> **Records for the task**

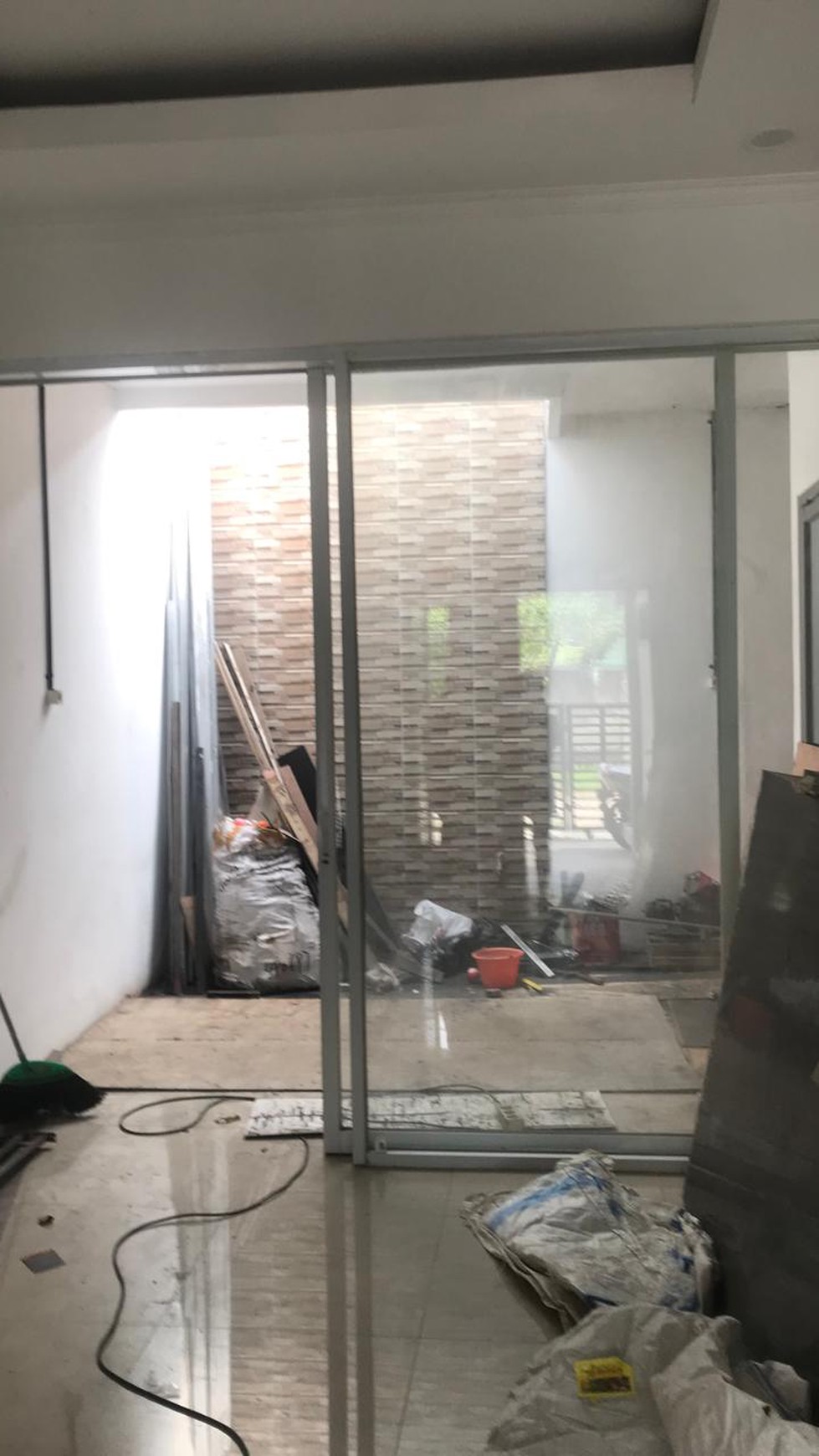 Dijual Rumah 1 Lantai di Komplek PGRI, Sawangan Depok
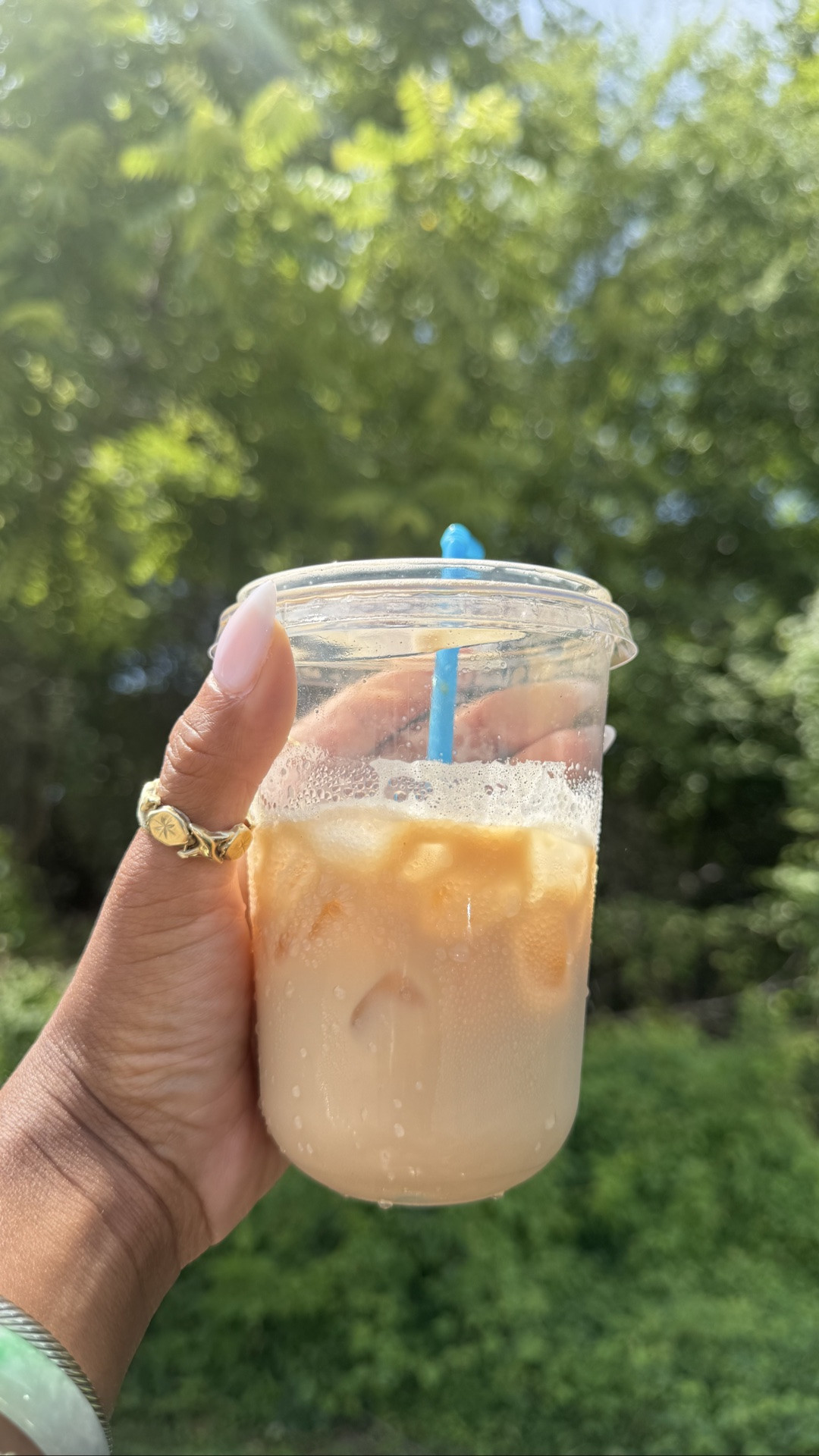 -the latte is coming with me today.

swim lessons wait for no one. ☕️✨🏊‍♂️

#CoffeeMom #MorningCoffee #LatteRecipe #MomLifeMoments #HomeCafeIdeas

#LTKmomlife #LTKselfcare #LTKmorningroutine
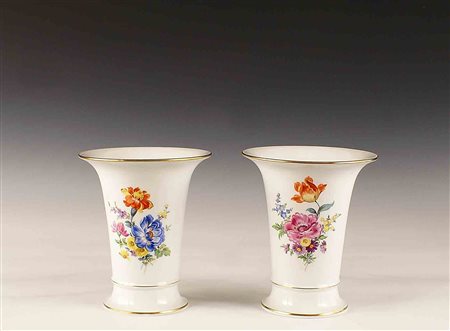 Coppia di vasi in porcellana Meissen, corpo a tromba, decorati a motivi...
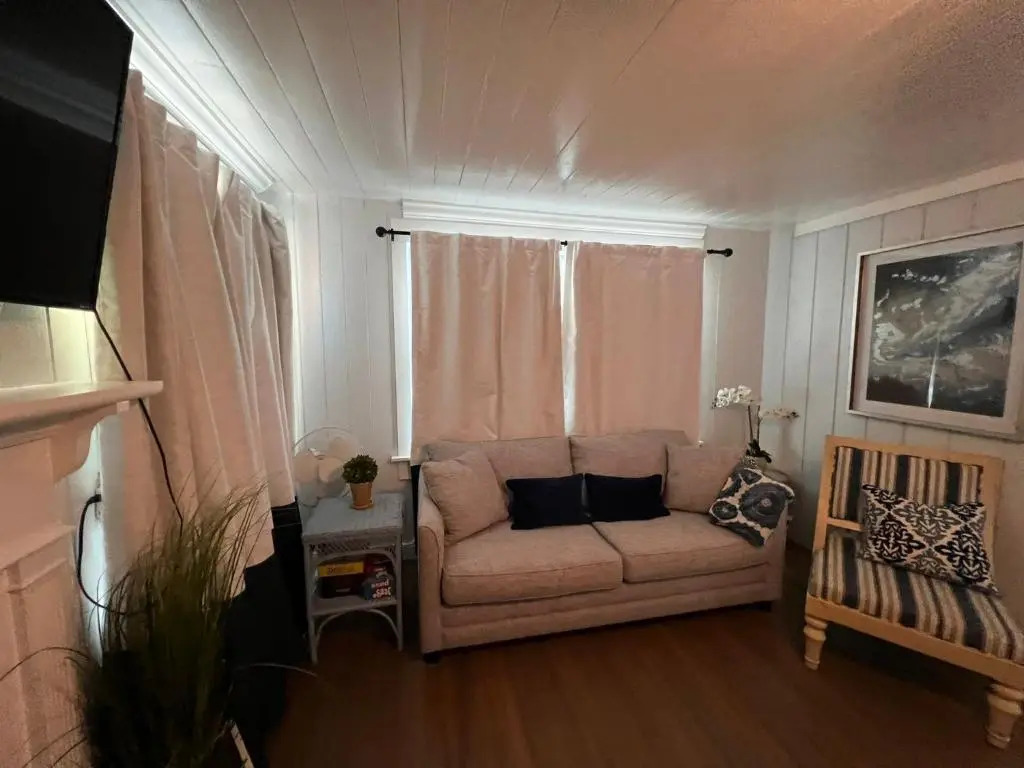 Mermaid Crossing Suite 2
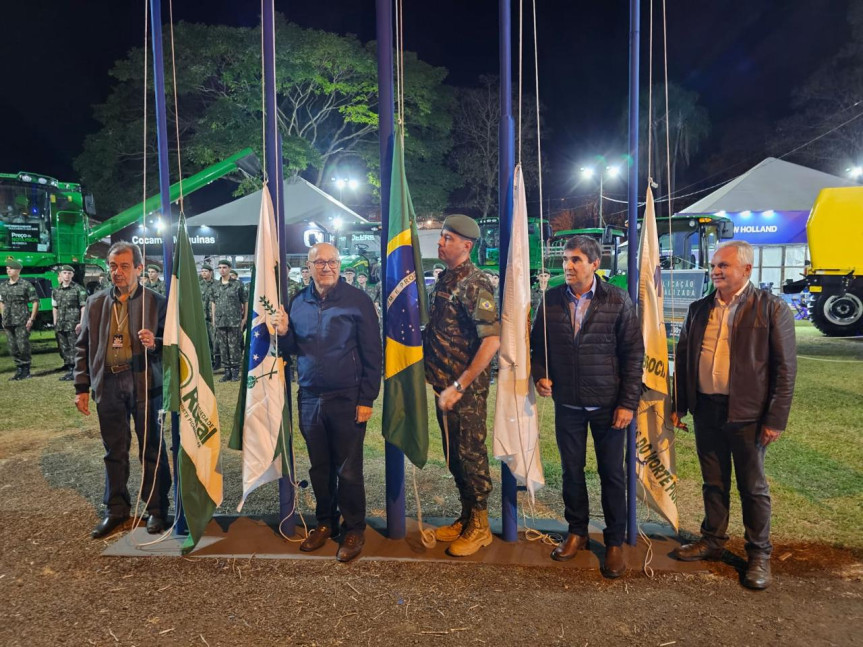 Romanelli visitou as áreas da feira e participou da solenidade que deu início à exposição.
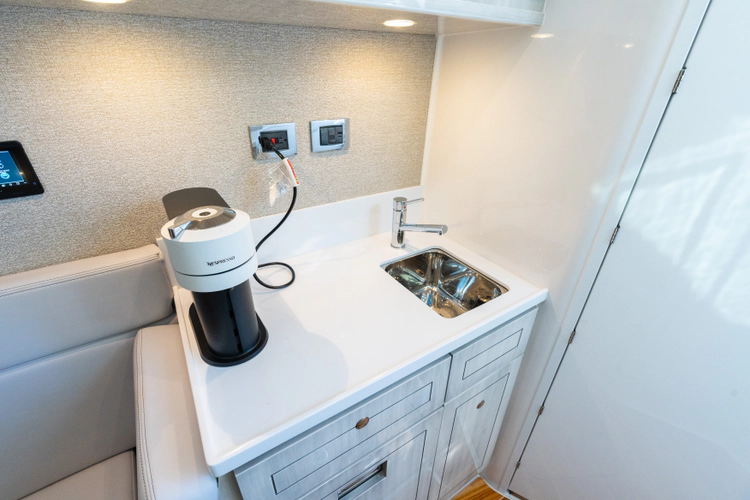 Bella Broka Yacht Photos Pics 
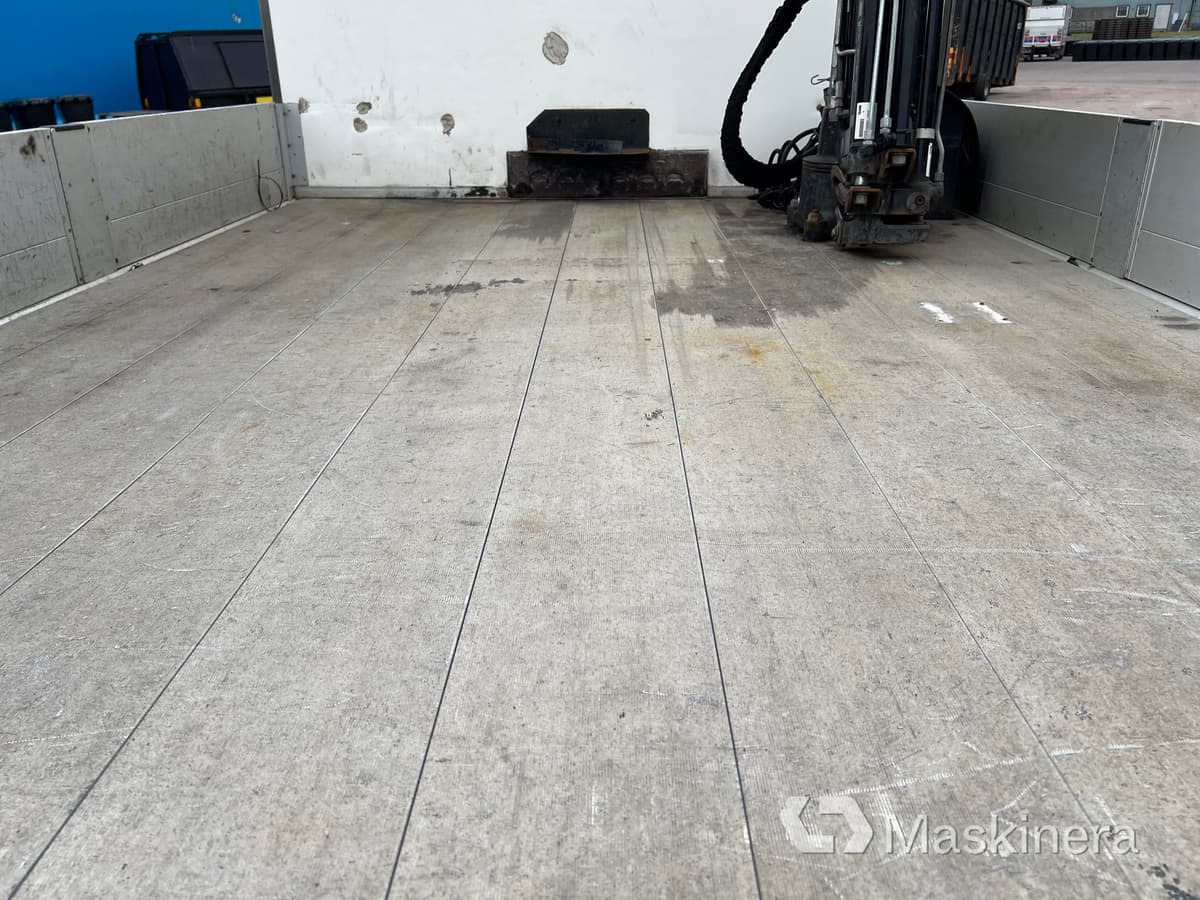 Fourgon utilitaire Volkswagen Crafter 50 2.5 TDI Kranbil med flak Volkswagen Crafter: photos 47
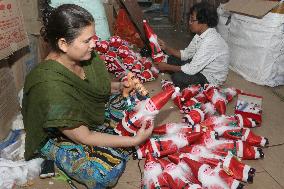 Makings Santa Claus Dolls In Kolkata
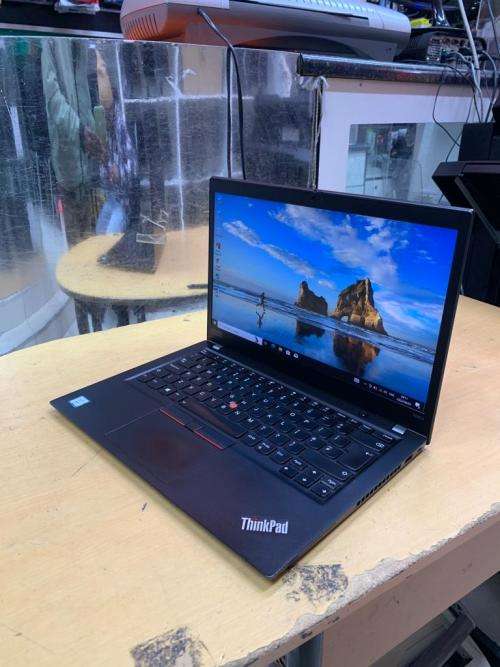 Lenovo Thinkpad T490s , Core i7 - 8565U , 256Gb SSD, 8Gb Ram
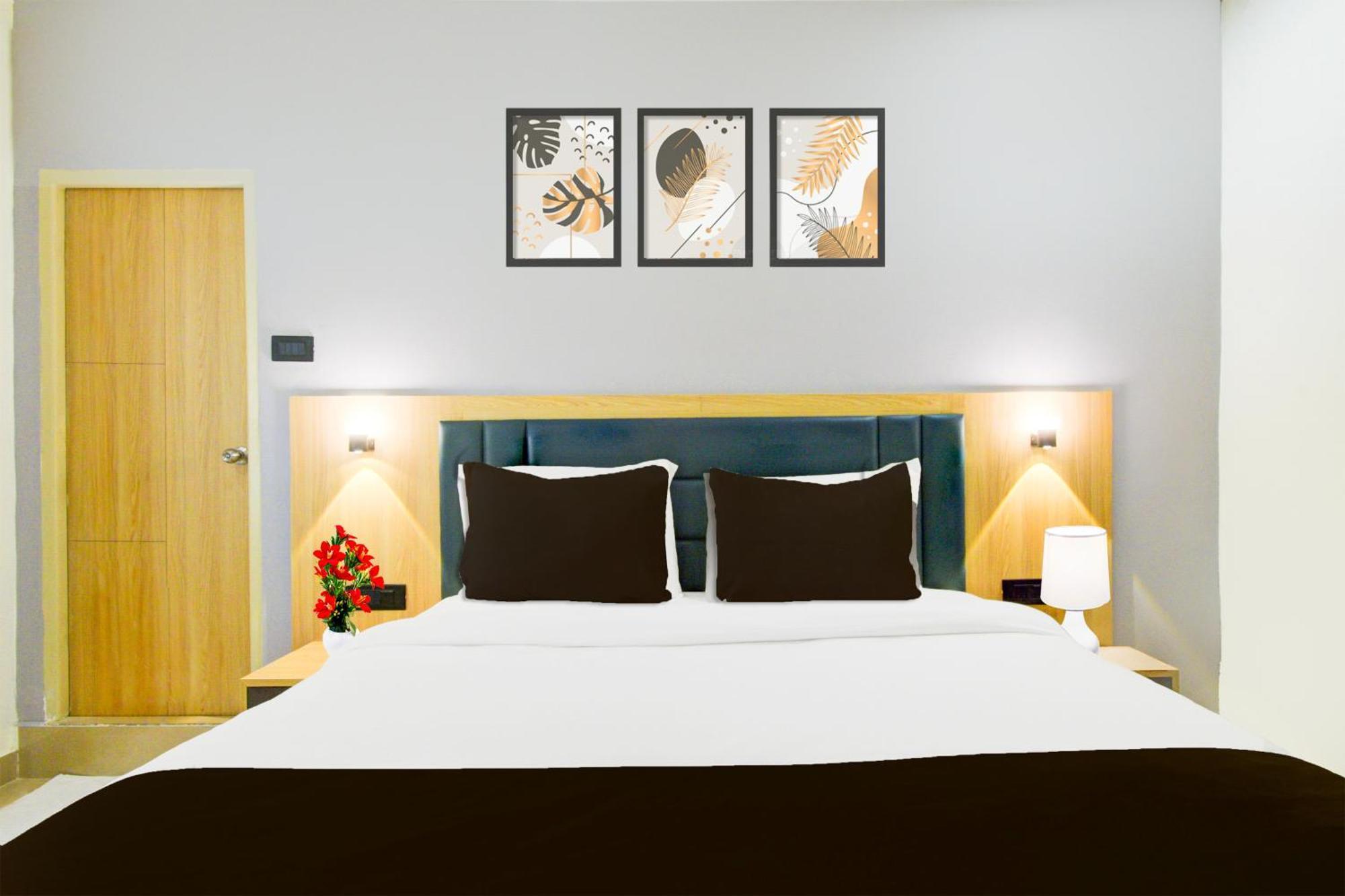 Townhouse Aarav Business Hotel Hyderabad Exterior foto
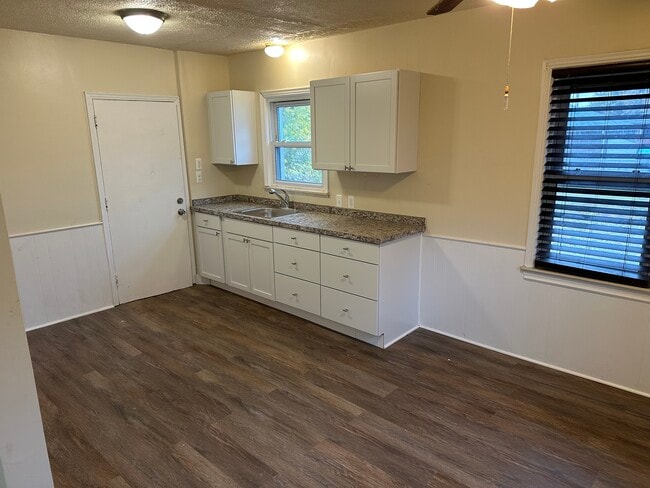 7517 Sterling in Center Line, MI - Building Photo - Building Photo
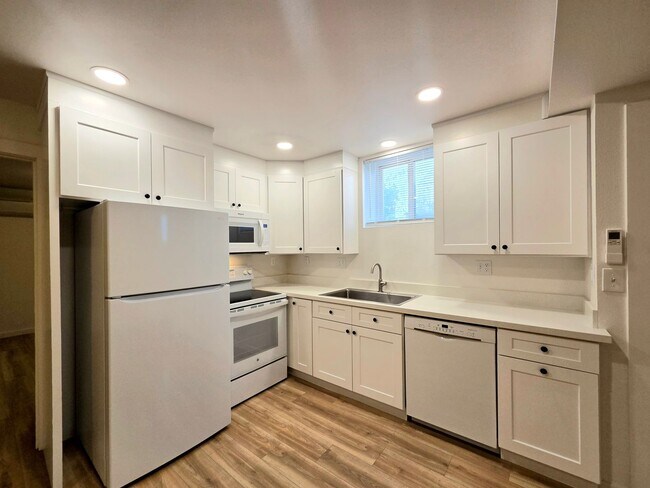 300 S Franklin Ave in Wenatchee, WA - Building Photo - Building Photo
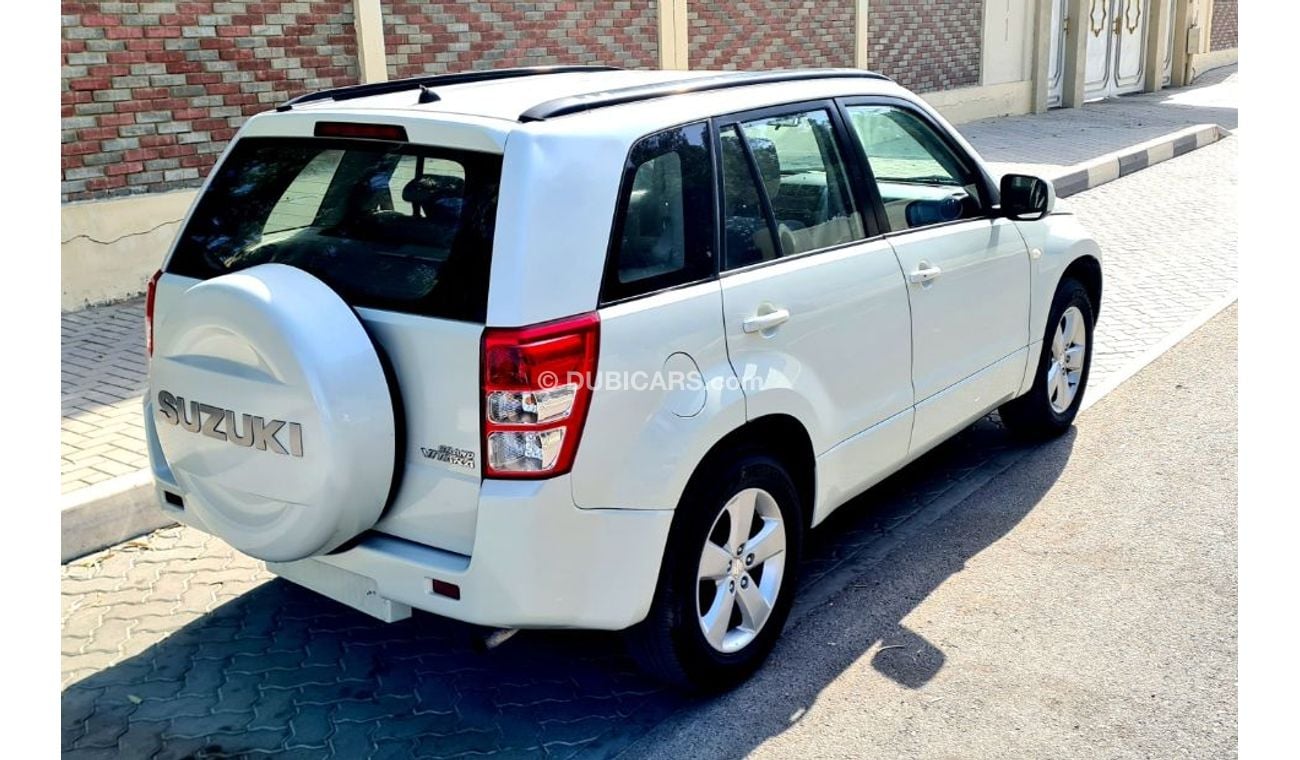 Suzuki Grand Vitara SUZUKI GRAND VITARA GCC SINGLE OWNER  EXTRA CLEAN  . ACCIDENT FREE  . NO MECHANICAL FAULTS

> **Exercise prompt**
Every line from the one that holds "7517 Sterling in" to the end of the listing should be output exactly, with pictures left out, please.

> **Written solution**
 7517 Sterling in Center Line, MI - Building Photo - Building Photo
 300 S Franklin Ave in Wenatchee, WA - Building Photo - Building Photo
 Suzuki Grand Vitara SUZUKI GRAND VITARA GCC SINGLE OWNER  EXTRA CLEAN  . ACCIDENT FREE  . NO MECHANICAL FAULTS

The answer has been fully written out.